I also started to realise that a lot of the kit I needed can be found in my local Farmers Co-Op or by poking around milking parlour set-ups. Food Grade stainless steel and filtration systems are also used in the diary industry. So, I have sourced quite a lot of kit (where appropriate) from agricultural suppliers. My disgorgement tank is a second-hand Milk Bulk tank that has been re-purposed, I use milk filter socks pretty liberally for removing cask char, they work and absolute treat like any standard 10 micron filter media unit, but instead of ordering them from a fancy Scottish supplier I can nip down the co-op buy a few packs. We are making whiskey on a Farm after all, so I feel its wholly appropriate we pull inspiration and work smart when it comes to kitting things out.

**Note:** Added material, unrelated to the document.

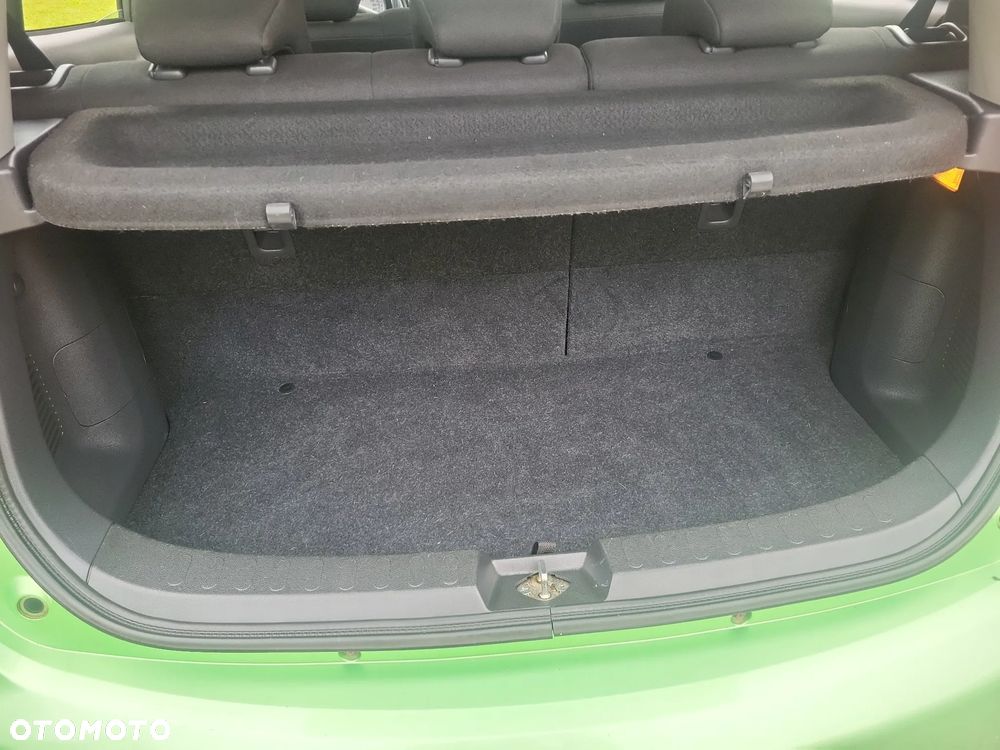 Suzuki Splash 1.0 Basic - 33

To really become a modern Irish whiskey bonder it is vital that I can control all production (except distillation) on site, for a number of reasons. I feel totally responsible for shepherding new-make whiskey stock from the moment it comes off the still. I buy my own casks and match them to the spirit profile, I mature on site and religiously monitor maturation conditions, it makes total sense then that I would have 100% control and involvement in all elements of blending our mature stock too. Some of the blends we have lined up are hyper complicated. I need to have full control of that it is not a job for a 3rd party. I’m hoping to ultimately get protection for the term whiskey bonding. This Bonder’s Blending Room is not only vital to us continuing to create great whiskey, it sets a standard for the term which is above and beyond Independent Bottling. More importantly it sets a standard that is utterly reachable for anyone actually serious about whiskey bonding. It did not cost the earth.

We’ve managed to win Best Irish Single Malt at the recent Irish Whiskey Awards with a whiskey partially filtered using 10 Micron Milk Filter socks after all…. Stay tuned in the next installment we’ll talk about how to unload a Shipping Container full of blending tanks using only your wits and by making a few phone calls to the local Silage Contractor….I bet the Jackeens don’t have those resources on call in the Dublin’s Liberties!

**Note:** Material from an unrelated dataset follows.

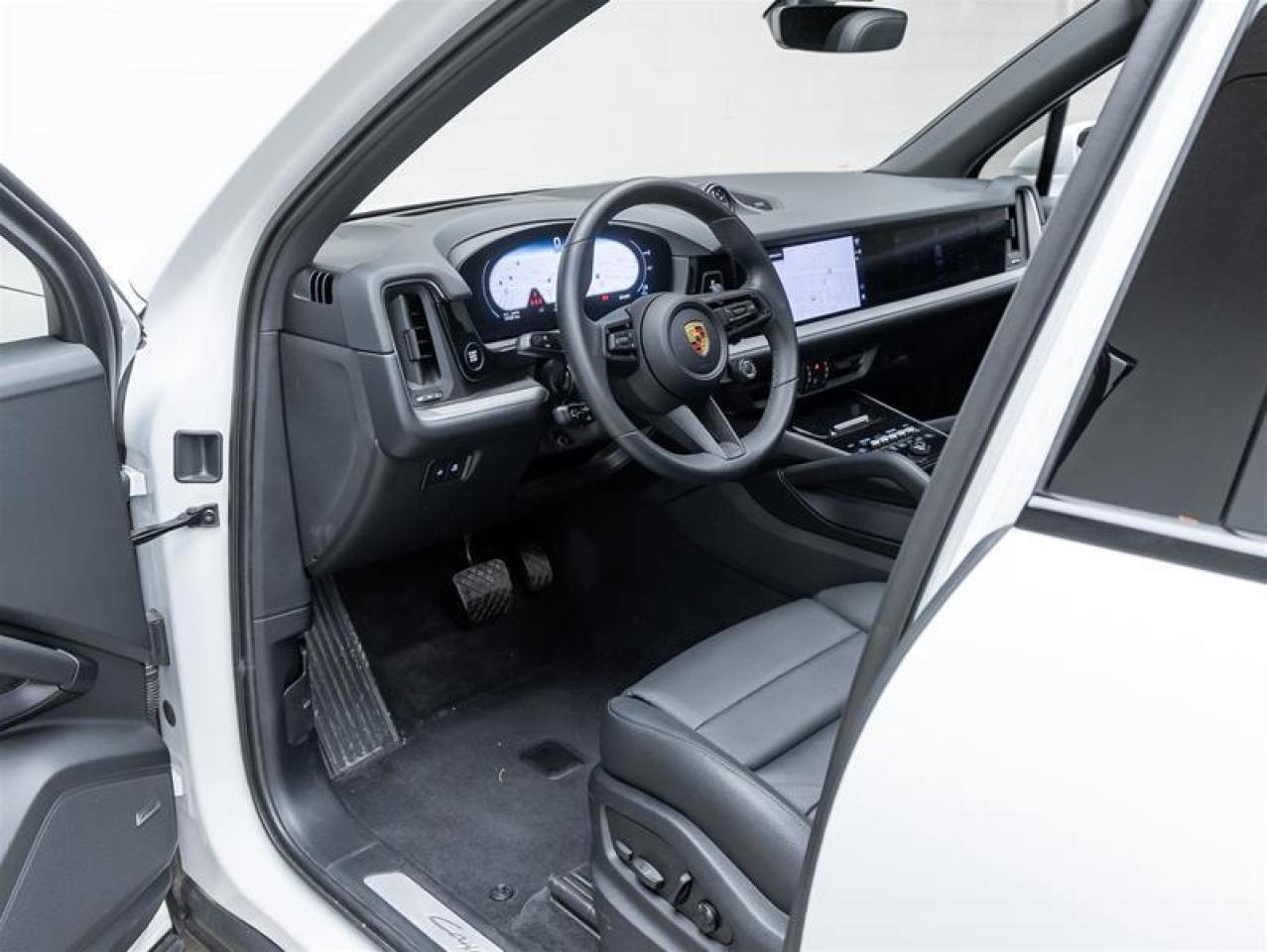 2024 Porsche Cayenne  Photo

One thought on “All About our New Bonder’s Blending Room & Why Its Important Part 1

  1. Whiskey started out as an agricultural product made using surplus grain.
    It’s wholly appropriate using kit from Farmers Co-ops.
    Hellyers Rd Distillery in Tasmania was setup by dairy farmers and are no doubt using similarly sourced equipment to make their great tasting malts – well at least the ones I’ve managed to sample.